Et Mysskin derrière tout ça ? Comme dit antérieurement, sa patte est présente sur tout le film. Il est accompagné du chef opérateur Kartick Venkatraman et du compositeur Arrol Corelli ; dont la participation donne une touche visuelle et musicale originales au film.
Les 150 minutes nous tiennent en haleine. Le suspense est à son comble dans les vingt dernières minutes du film, avec un climax tourné de manière audacieuse dans les fins fonds de la mangrove à Pichavaram. Plusieurs plans portent la signature du réalisateur. Moins de plans au sol obscurs comme il les adore, mais au contraire plus de plongées/contre-plongées éclairées qui apportent une tension au film et de la profondeur aux personnages.
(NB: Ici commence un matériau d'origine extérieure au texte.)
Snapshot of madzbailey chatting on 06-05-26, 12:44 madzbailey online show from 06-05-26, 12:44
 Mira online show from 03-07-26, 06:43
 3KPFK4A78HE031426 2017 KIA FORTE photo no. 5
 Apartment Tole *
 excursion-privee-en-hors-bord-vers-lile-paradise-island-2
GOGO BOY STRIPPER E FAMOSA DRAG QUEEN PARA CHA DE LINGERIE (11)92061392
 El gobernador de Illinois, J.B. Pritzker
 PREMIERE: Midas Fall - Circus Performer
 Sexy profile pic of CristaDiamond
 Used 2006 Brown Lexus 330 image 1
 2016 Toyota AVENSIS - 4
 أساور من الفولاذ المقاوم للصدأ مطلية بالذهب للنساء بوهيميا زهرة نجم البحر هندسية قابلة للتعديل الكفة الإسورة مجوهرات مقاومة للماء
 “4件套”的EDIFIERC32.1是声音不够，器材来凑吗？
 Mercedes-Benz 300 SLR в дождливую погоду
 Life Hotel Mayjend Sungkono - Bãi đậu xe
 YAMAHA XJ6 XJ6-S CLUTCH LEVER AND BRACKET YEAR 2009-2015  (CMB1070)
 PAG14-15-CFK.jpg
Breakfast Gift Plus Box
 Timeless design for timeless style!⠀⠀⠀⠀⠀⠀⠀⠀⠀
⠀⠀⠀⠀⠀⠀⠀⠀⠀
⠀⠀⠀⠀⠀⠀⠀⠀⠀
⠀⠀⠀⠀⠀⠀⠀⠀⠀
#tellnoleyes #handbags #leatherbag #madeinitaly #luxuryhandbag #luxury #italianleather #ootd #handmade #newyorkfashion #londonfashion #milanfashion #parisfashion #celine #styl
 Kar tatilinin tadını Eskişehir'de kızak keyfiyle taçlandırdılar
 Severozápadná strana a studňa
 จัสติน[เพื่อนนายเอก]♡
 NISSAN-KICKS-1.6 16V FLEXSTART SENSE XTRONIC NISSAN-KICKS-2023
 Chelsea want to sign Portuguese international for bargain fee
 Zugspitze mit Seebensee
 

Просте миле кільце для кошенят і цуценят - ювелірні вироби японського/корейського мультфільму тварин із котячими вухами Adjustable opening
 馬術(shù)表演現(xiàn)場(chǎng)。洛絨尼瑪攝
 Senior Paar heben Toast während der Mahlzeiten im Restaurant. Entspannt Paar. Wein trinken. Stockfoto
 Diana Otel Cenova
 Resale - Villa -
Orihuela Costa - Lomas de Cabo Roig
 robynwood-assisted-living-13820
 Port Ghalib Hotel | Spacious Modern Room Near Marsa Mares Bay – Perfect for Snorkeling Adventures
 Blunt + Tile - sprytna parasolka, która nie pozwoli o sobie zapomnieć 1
Le plan de Mallika calqué sur l’œuvre de La laitière de Jan Vermeer, les plans plus sanglants du restaurant chinois ou avec la tronçonneuse, signent une inspiration qu’on ne voit que très rarement au cinéma. Autrement dit, la réalisation est soignée, inspirée et s’approprie fidèlement les codes du thriller policier. Il y a une tradition littéraire et cinématographique du polar en Inde et on peut constater, en toute confiance, qu’il se porte bien vu les succès récents de Thani Oruvan, Thuruvangal Paadinaru ou Vikram Vedha que je vous conseille vivement.
En conclusion, Hats off Mysskin ! Quel plaisir de voir une œuvre divertissante, qui respecte l’intelligence du spectateur et réussit à capter son attention pendant toute sa durée. Mysskin a parlé de franchise et je dis « Oui ! » si une suite est prévue, étant donné le travail d’orfèvre.